• **WORK ORDER**
A faithful copy of the data is what is wanted, minus any pictures.

• **DATA FOR THE TASK**
BEGIN

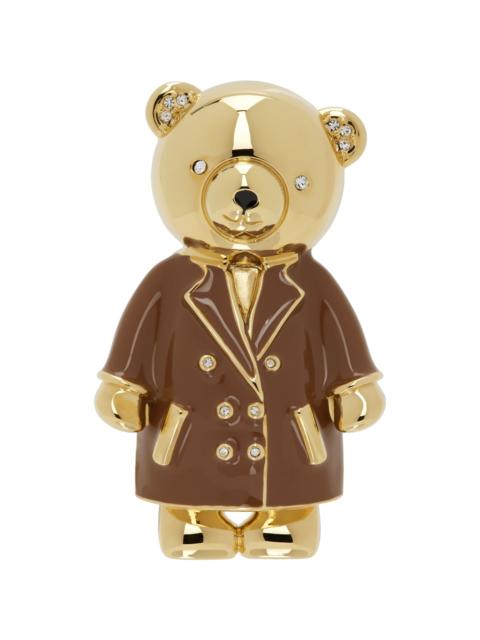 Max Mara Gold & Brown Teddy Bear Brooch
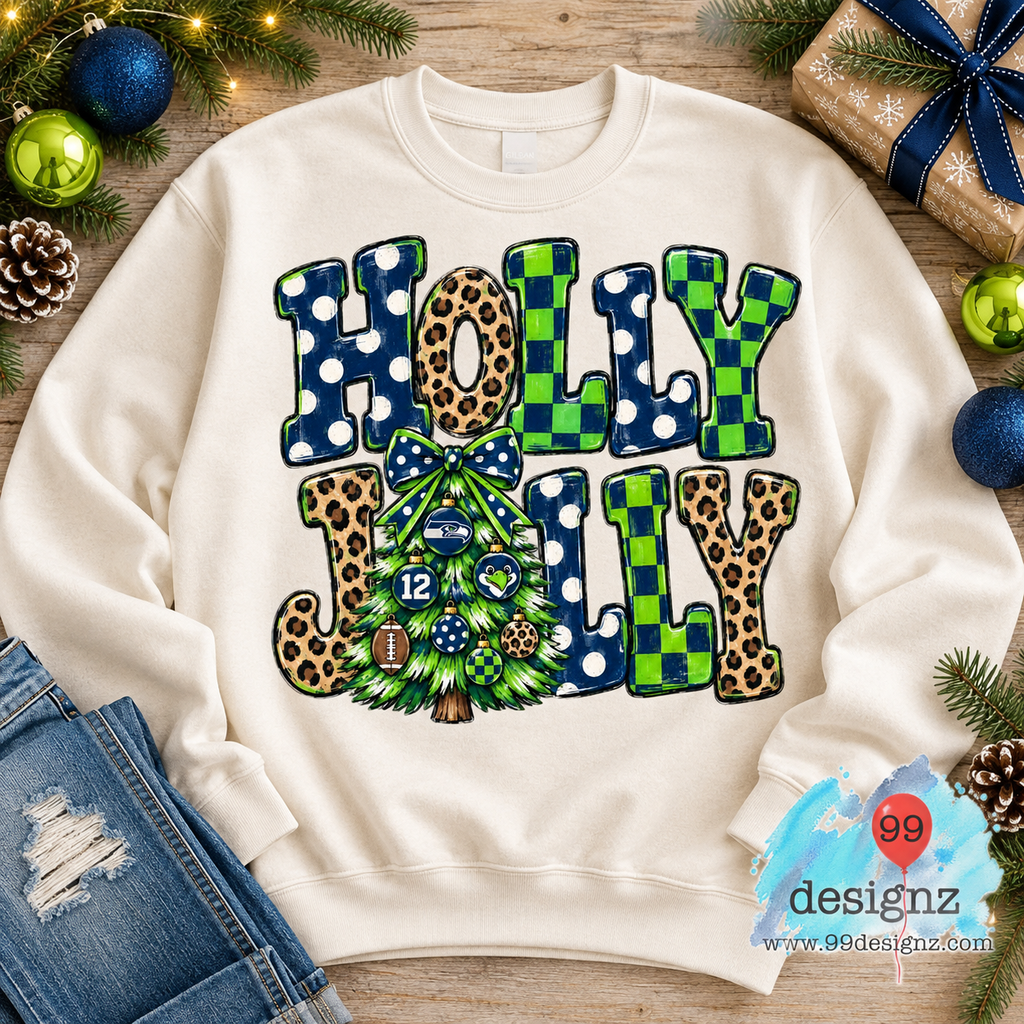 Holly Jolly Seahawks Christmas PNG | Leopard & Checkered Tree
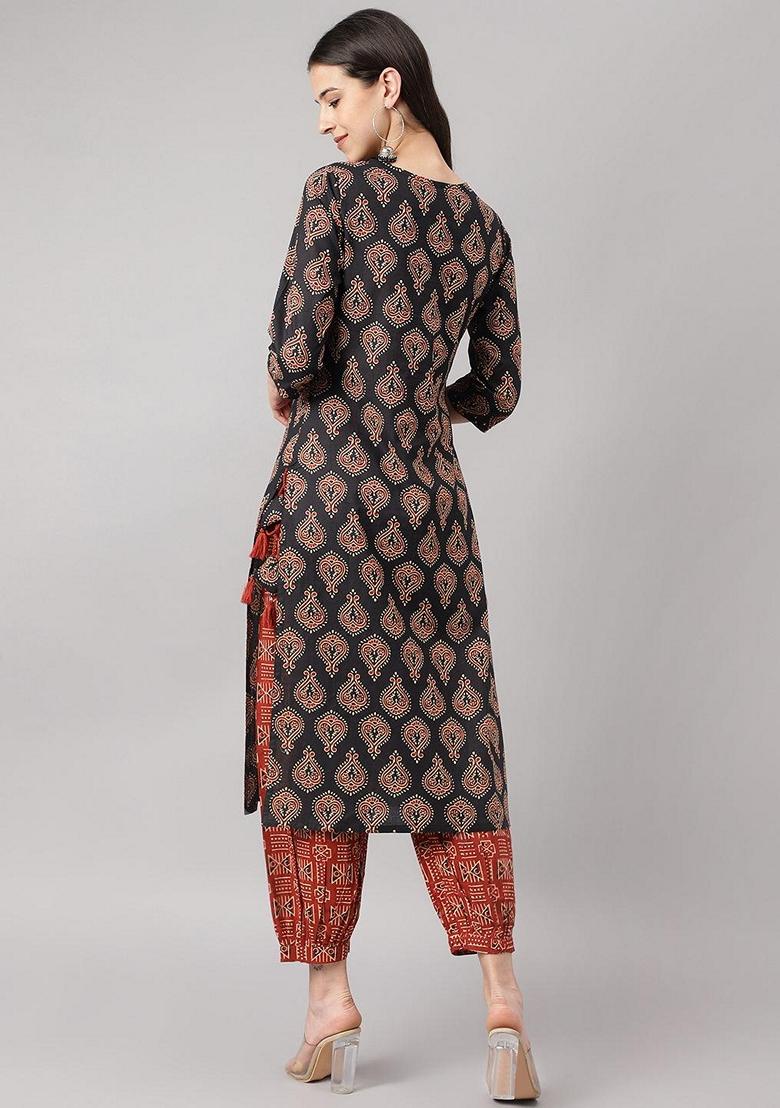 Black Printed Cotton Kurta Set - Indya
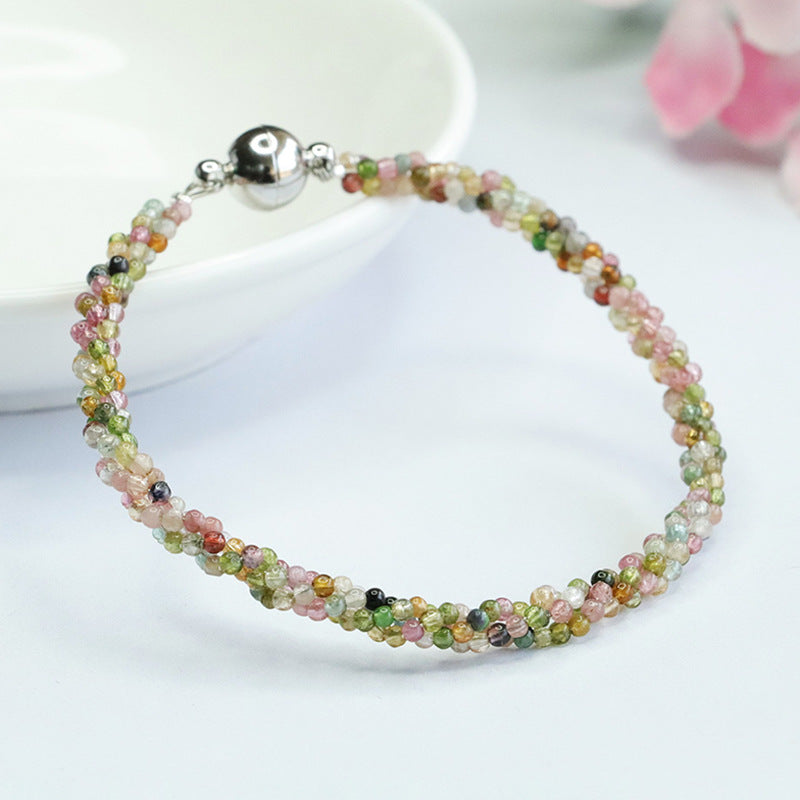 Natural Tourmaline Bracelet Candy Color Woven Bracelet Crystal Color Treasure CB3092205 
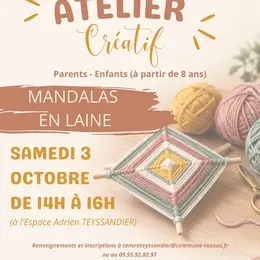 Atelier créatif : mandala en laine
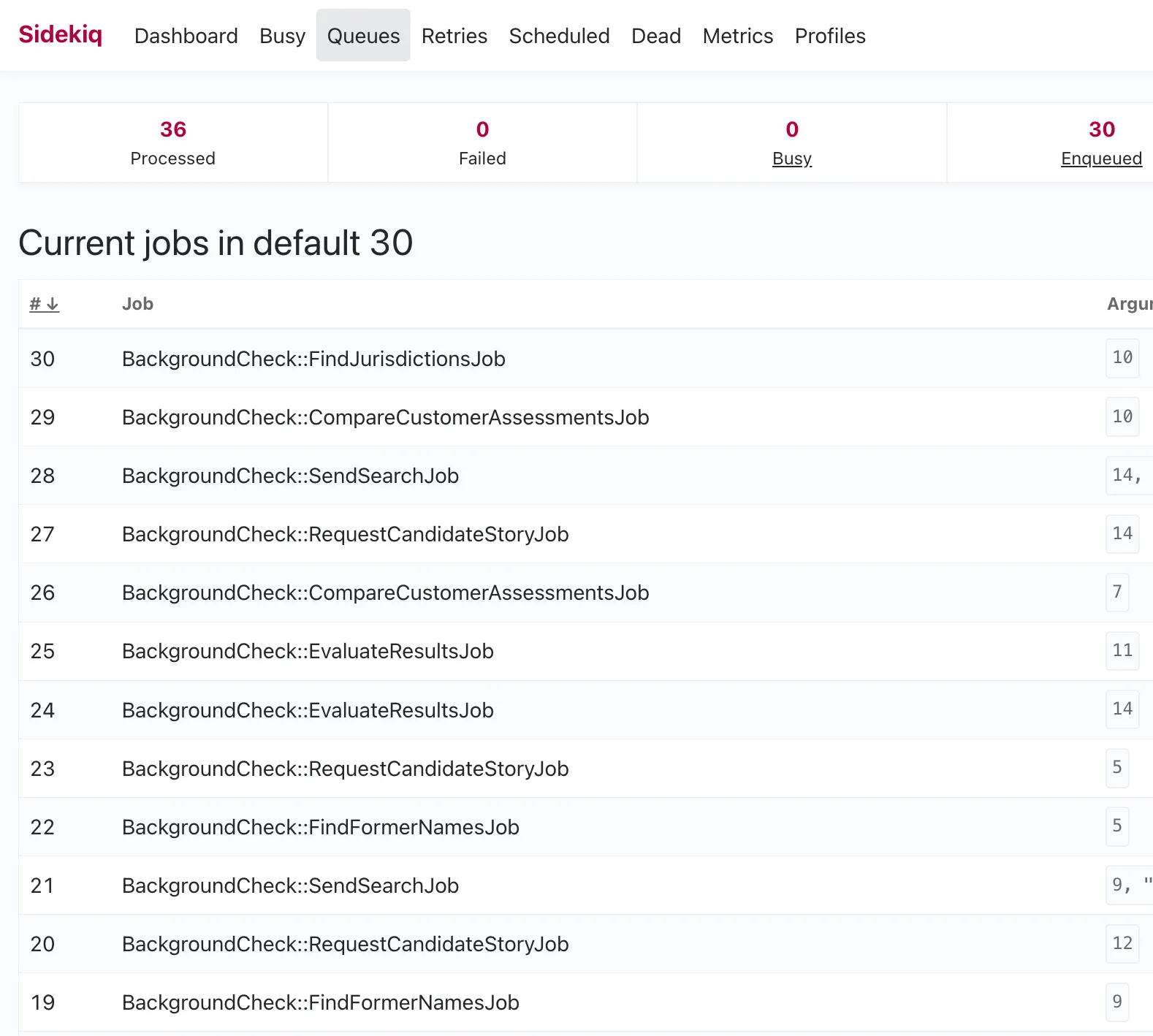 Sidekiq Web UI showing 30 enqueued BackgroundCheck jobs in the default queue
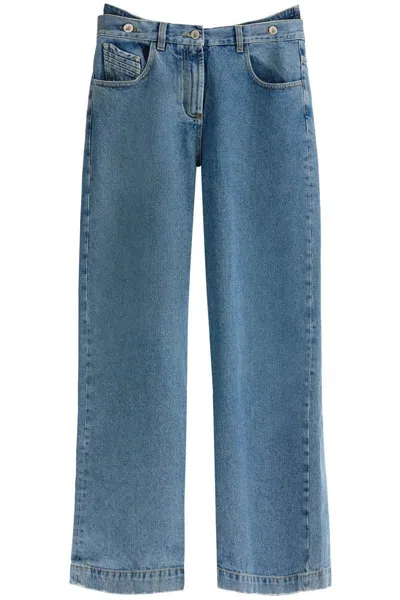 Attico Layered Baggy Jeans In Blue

END

• **RESPONSE AREA**
 Max Mara Gold & Brown Teddy Bear Brooch
 Holly Jolly Seahawks Christmas PNG | Leopard & Checkered Tree
 Black Printed Cotton Kurta Set - Indya
 Natural Tourmaline Bracelet Candy Color Woven Bracelet Crystal Color Treasure CB3092205 
 Atelier créatif : mandala en laine
 Sidekiq Web UI showing 30 enqueued BackgroundCheck jobs in the default queue
 Attico Layered Baggy Jeans In Blue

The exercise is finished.